The degree-$d$ Chow parameters of a Boolean function $f: \bn \to \R$ are its degree at most $d$ Fourier coefficients.
It is well-known that degree-$d$ Chow parameters uniquely characterize degree-$d$ polynomial threshold functions
(PTFs)
within the space of all bounded functions. In this paper, we prove a robust version of this theorem:
For $f$ any Boolean degree-$d$ PTF and $g$ any bounded function, if the degree-$d$ Chow parameters of
$f$ are close to the degree-$d$ Chow parameters of $g$ in $\ell_2$-norm, then $f$ is close to $g$ in $\ell_1$-distance.
Notably, our bound relating the two distances is completely independent of the dimension $n$. That is,
we show that Boolean degree-$d$ PTFs are {\em robustly identifiable} from their degree-$d$ Chow parameters.
Results of this form had been shown for the $d=1$ case,
but no non-trivial bound was previously known for $d >1$.

Our robust identifiability result gives the following algorithmic applications:
First, we show that Boolean degree-$d$ PTFs can be efficiently approximately reconstructed
from approximations to their degree-$d$ Chow parameters. This immediately implies
that degree-$d$ PTFs are efficiently learnable in the uniform distribution $d$-RFA model.
As a byproduct of our approach, we also obtain the first low integer-weight approximations of degree-$d$ PTFs, for $d>1$.
As our second application, our robust identifiability result gives the first efficient
algorithm, with dimension-independent error guarantees,
for malicious learning of Boolean degree-$d$ PTFs under the uniform distribution.
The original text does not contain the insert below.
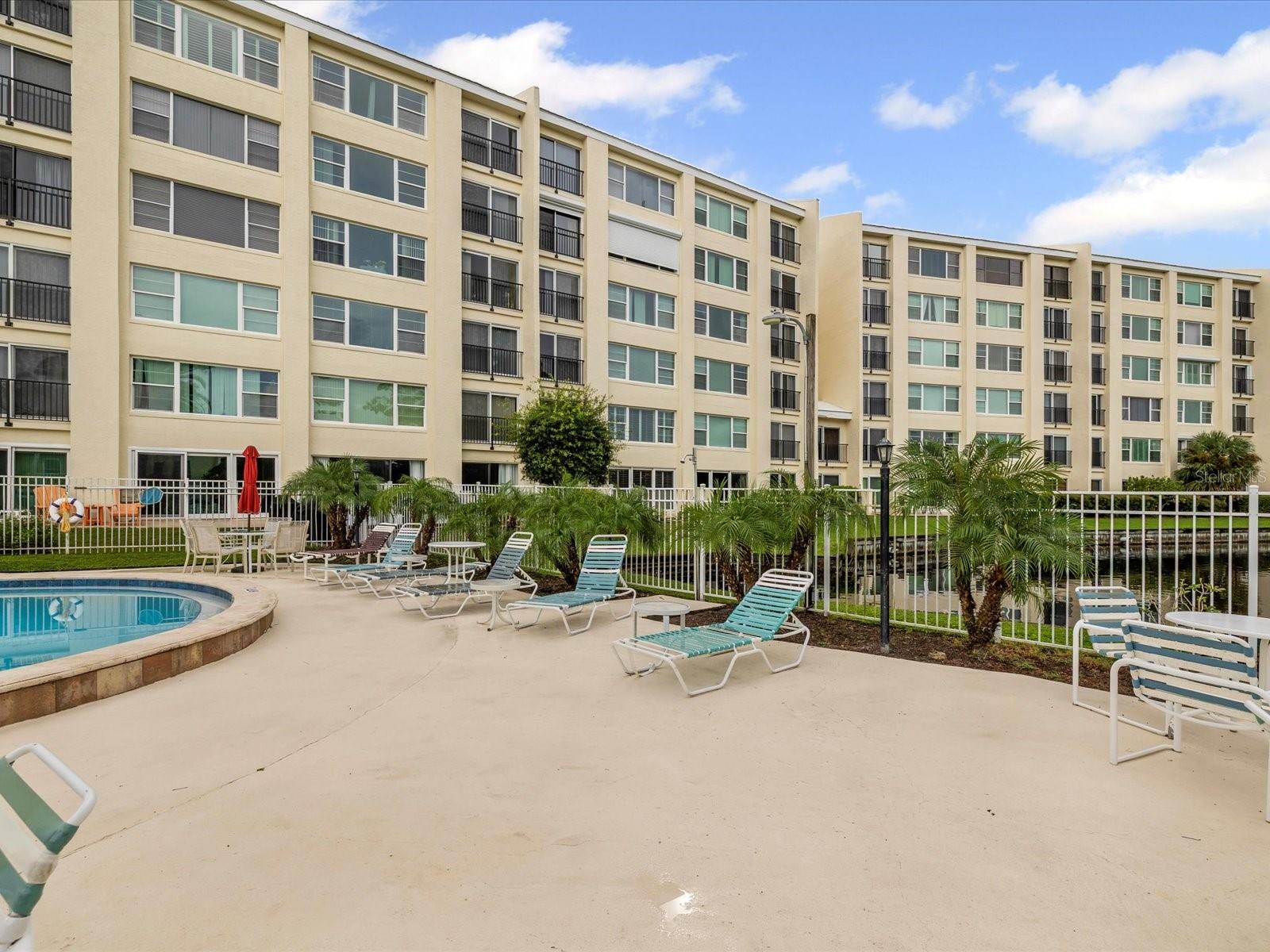 PENTHOUSE GREENS - Residential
The proof of our robust identifiability result involves several new technical ingredients, including
the following structural result for degree-$d$ multivariate polynomials with very poor anti-concentration:
If $p$ is a degree-$d$ polynomial where $p(x)$ is {\em very} close to $0$ on a {\em large} number of points in $\bn$,
then there exists a degree-$d$ hypersurface that exactly passes though {\em almost all} of these points.
We leverage this structural result to show that if the degree-$d$ Chow distance between $f$ and $g$ is small,
then we can find many degree-$d$ polynomials that vanish on their disagreement region,
and in particular enough that forces the $\ell_1$-distance between $f$ and $g$ to also be small.
To implement this proof strategy, we require additional technical ideas.
In particular, in the $d=2$ case we show that for any large vector space of degree-$2$ polynomials
with a large number of common zeroes, there exists a linear function that vanishes on almost all of these zeroes.
The degree-$d$ degree generalization of this statement is significantly more complex, and can be viewed as an effective version
of Hilbert's Basis Theorem for our setting.